OP - Numa fala recente, o senhor disse que a política não é assunto para profissionais. Ter apartado a política das discussões cotidianas - sobretudo o entendimento de direitos, legislações - pode explicar o momento atual desse país polarizado?

 

Clóvis - Eu penso que eventual divisão do País se deve há muitas causas, inclusive, ao próprio sistema eleitoral. Quando você faz seguidamente uma eleição em dois turnos, os dois votados chegam ao segundo turno, é de se esperar que paulatinamente a sociedade vá se organizando em dois grandes grupos, porque no final das contas haverá uma disputa pelo poder central final. É claro que há também uma que é geográfica, que é histórica, que é sociológica. É complexo, e não dá pra reduzir numa variável só, sob pena de você apequenar o problema.

 

OP - Ainda sobre o momento político e essa polarização. O Brasil vem de alguns anos apartado, e essa divisão se aprofundou ainda mais. O senhor vê possibilidade de reconciliação dessas duas visões de mundo?

 

Clóvis - Não sei, mas vejo a possibilidade de uma legitimação ainda maior dos mecanismos democráticos de identificação do grupo a exercer o poder, e portanto, a aceitação do grupo circunstancialmente derrotado.
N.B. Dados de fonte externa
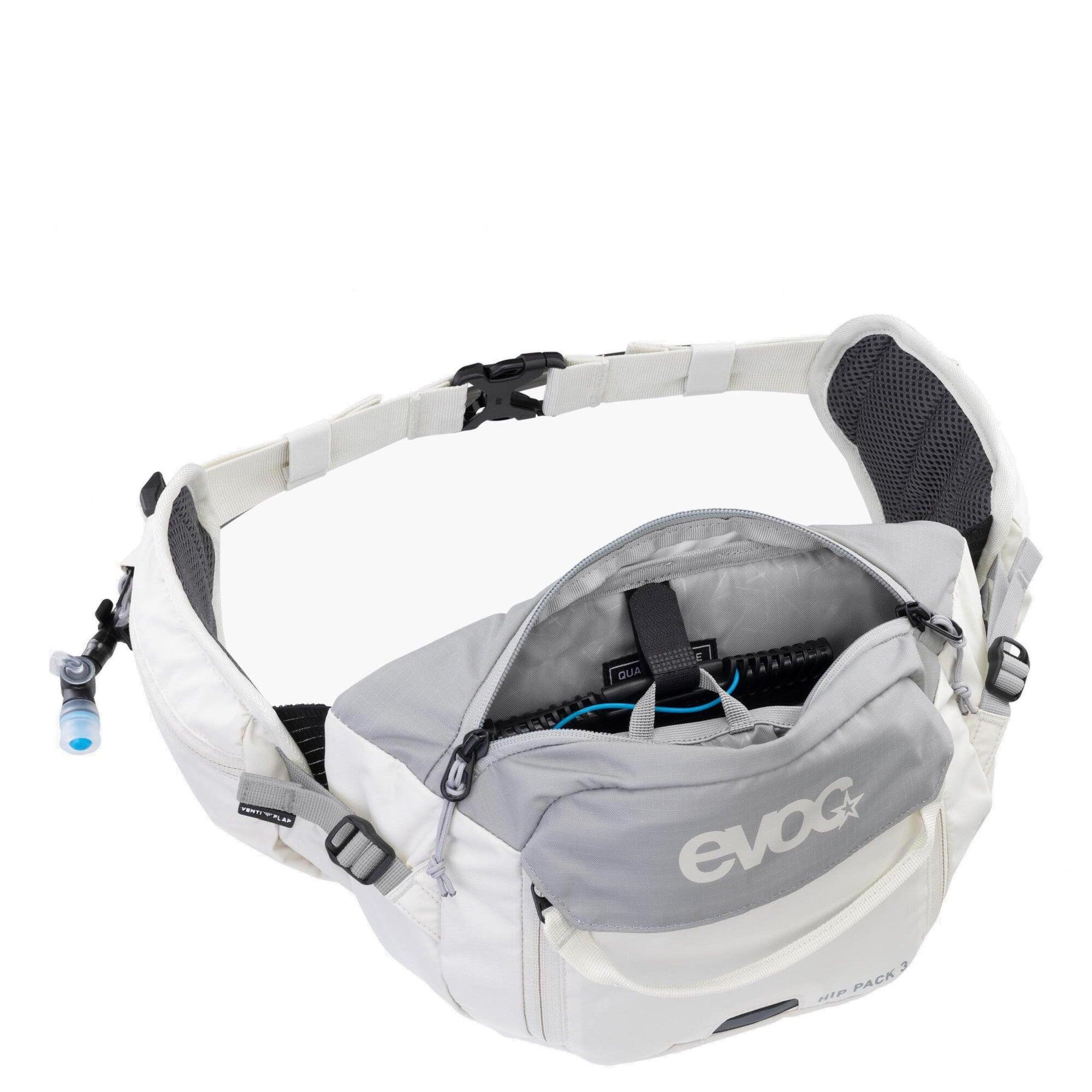 HIP PACK 3 4/5
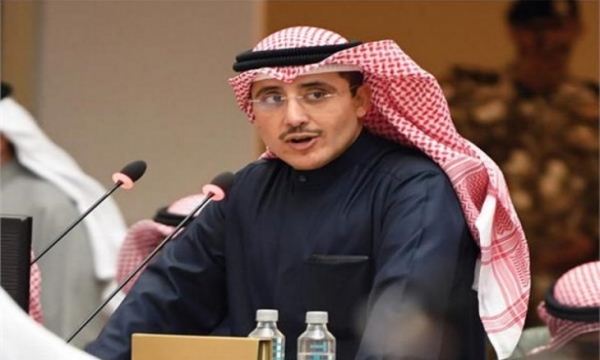 الكويت تؤكد التزامها بمساعدة اليمن وشعبه وصولا إلى حل سلمي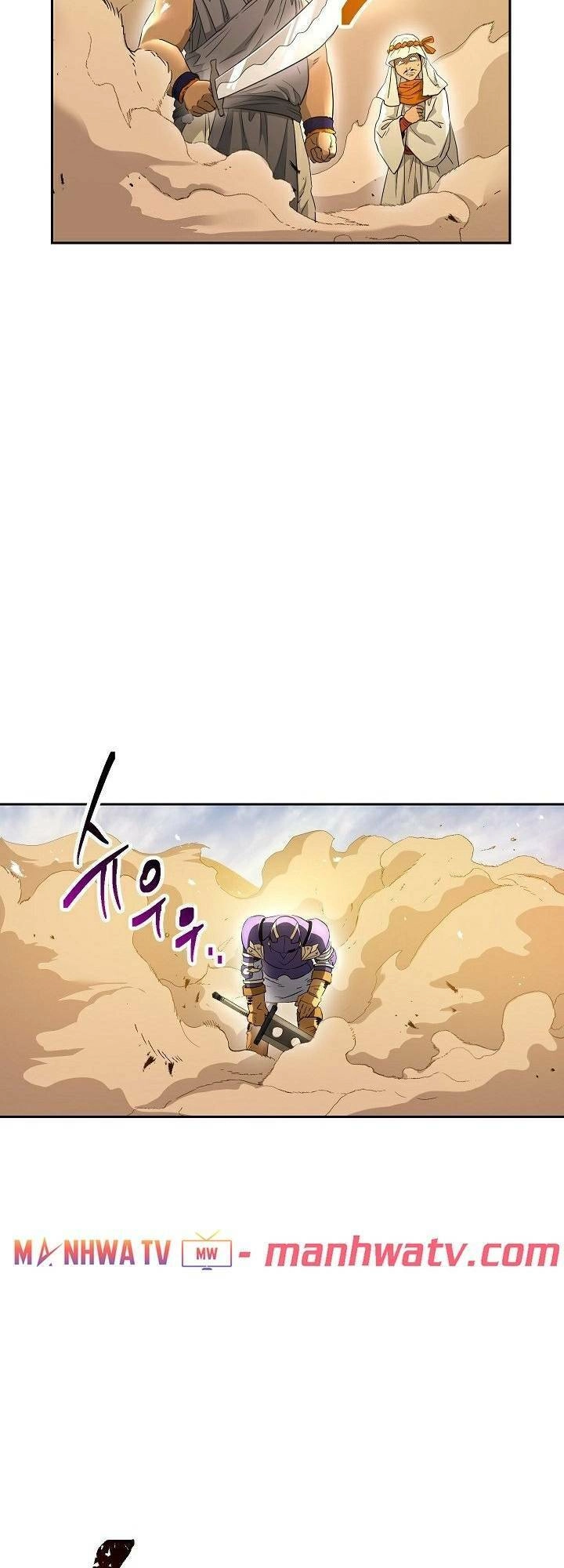 Cốt Binh Trở Lại Chapter 109 - 22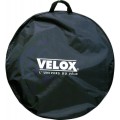 bagagerie-housse-de-roue-velox-2-roues-o74cm-velox-vbagwh02.jpg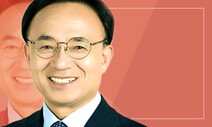 미국 금리는 더 오를 것으로 보인다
Se vão todos concordar em torno de uma ideia central, acho pouquíssimo provável. Mas que passem cada vez mais a aceitar as regras do jogo como definitivas para saber quem vai governar, isso eu acho fundamental.

 

OP - O senhor em algumas palestras fala sobre a busca de felicidade. Por que essa discussão é tão pertinente agora?

 

Clóvis - Primeiro, porque as pessoas estão angustiadíssimas, é um momento de tristeza coletiva, de angústia, de muita dificuldade. Portanto, um discurso sobre felicidade ele como que redireciona um pouco os holofotes para vida no seu sentido mais amplo, e alivia um pouco a pressão em cima dessas questões cotidianas mais candentes. De certa maneira, os grupos em disputa, estão os dois interessados, no fim das contas, numa vida um pouco mais feliz. 

 

Livros

 

Clóvis é autor de 21 livros. O mais recente, Shinsetsu: O poder da gentileza, foi lançado em agosto último. A obra traça uma rota filosófica sobre a ética para tratar de questões como humildade e amor, empatia e fraternidade.